Faubion Bowers (January 29, 1917 – November 17, 1999) was an American academic and writer in the area of Asian Studies, especially Japanese theatre. He also wrote the first full-length biography of Russian composer Alexander Scriabin. During the Allied Occupation of Japan, he was General Douglas MacArthur's personal Japanese language interpreter and aide-de-camp.

Biography
Bowers was born in Miami, Oklahoma. He graduated from Columbia University in 1935 and the Juilliard Graduate School of Music in 1939. Bowers taught at Hosei University in Tokyo from 1940 to 1941.

After the surrender of Japan, he was the interpreter for the advance party of 150 US personnel which flew into the Atsugi airfield on August 28, 1945. As MacArthur's interpreter he lived at the American Embassy with the MacArthur family, and served as interpreter at the initial meeting between MacArthur and Emperor Hirohito. While an official censor for Japanese theater he became its champion.

After the war he taught at the New School for Social Research, and at the University of Kansas as Distinguished Professor of Asian Studies. He also served as music editor or reviewer for various periodicals.

Bowers became a respected authority on Asian art and culture, writing scholarly monographs on such subjects as Indian dance and Japanese theatre, as well as a definitive two-volume biography of the Russian composer Alexander Scriabin.  His book, Japanese Theatre, was published in 1952 and is highly recommended by James Michener, in his book on Japanese ukiyo-e prints, The Floating World, as "one of the foremost works of scholarship dealing with Japanese culture to come out of the occupation."

He was married from 1951–1966 to Indian writer Santha Rama Rau. They had one son who, according to his parents, traveled widely and lived an affluent vagabond existence.

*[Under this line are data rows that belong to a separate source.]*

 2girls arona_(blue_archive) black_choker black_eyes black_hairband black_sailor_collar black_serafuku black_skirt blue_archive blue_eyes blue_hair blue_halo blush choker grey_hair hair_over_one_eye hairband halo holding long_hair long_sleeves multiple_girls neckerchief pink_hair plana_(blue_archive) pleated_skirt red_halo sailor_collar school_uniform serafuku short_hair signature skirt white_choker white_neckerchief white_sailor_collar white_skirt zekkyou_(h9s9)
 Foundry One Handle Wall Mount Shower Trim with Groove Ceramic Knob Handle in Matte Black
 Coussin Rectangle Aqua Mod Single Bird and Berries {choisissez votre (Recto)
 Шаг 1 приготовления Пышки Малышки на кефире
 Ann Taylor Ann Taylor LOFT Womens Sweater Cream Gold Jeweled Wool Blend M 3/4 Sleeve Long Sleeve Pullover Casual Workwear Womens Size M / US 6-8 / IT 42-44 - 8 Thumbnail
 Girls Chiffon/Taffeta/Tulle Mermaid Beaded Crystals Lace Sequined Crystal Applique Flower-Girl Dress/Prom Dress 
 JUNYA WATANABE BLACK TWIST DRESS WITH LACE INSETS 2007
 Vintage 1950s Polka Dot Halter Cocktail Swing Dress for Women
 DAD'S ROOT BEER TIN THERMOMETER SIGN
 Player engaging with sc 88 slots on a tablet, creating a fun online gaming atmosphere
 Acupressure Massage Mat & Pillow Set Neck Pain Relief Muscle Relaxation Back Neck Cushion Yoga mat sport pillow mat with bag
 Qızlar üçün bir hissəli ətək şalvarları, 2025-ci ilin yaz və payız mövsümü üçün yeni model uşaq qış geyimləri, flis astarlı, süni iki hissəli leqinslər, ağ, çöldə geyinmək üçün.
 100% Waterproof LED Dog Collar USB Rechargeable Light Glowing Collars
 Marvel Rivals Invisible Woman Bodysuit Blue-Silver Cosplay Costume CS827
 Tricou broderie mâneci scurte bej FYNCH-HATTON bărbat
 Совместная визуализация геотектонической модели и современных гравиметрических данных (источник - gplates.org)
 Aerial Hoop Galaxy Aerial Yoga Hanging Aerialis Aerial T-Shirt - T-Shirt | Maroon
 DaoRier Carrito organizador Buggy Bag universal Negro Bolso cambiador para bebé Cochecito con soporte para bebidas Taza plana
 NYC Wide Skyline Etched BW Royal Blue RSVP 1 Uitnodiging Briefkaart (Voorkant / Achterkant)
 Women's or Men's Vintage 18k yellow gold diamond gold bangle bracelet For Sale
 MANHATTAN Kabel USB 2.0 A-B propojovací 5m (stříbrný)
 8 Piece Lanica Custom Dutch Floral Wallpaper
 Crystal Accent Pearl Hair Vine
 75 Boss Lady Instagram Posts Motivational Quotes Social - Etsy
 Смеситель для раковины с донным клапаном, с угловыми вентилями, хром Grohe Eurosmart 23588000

Bowers was interviewed for Columbia University's Oral History Project in 1960. He wrote the first full-length biography of Russian composer Alexander Scriabin (1872–1915) in two volumes (1970, 2nd edition 1996) and was a member of the Bagby Foundation for the Musical Arts in New York City. He died in New York City on November 17, 1999.

Kabuki
Bowers is known as The Man Who Saved Kabuki in Japan. While on his way to Indonesia in 1940, he visited Tokyo's Kabuki-za where he watched the famous Kanadehon Chūshingura kabuki play, and was very moved by kabuki as an art form. Four years later he returned to Japan as General MacArthur's secretary during the American Occupation of Japan. At this time the Supreme Commander of the Allied Powers thought kabuki should be banned for its portrayal of feudal values. Bowers was strongly against this, stating that "Kabuki is not only Japanese culture but world culture and must be preserved for the future." He promoted kabuki plays and instructed that a "Dream Team" cast of big kabuki stars should be assembled to perform "Kanadehon Chūshingura" in 1947. This performance and many others performed at the Tokyo Army College were a success, and the cast later performed the play in 1950 in East Coast venues across the US.

Awards
Bowers was awarded the Bronze Star in 1944, and an Oak Leaf Cluster in 1945.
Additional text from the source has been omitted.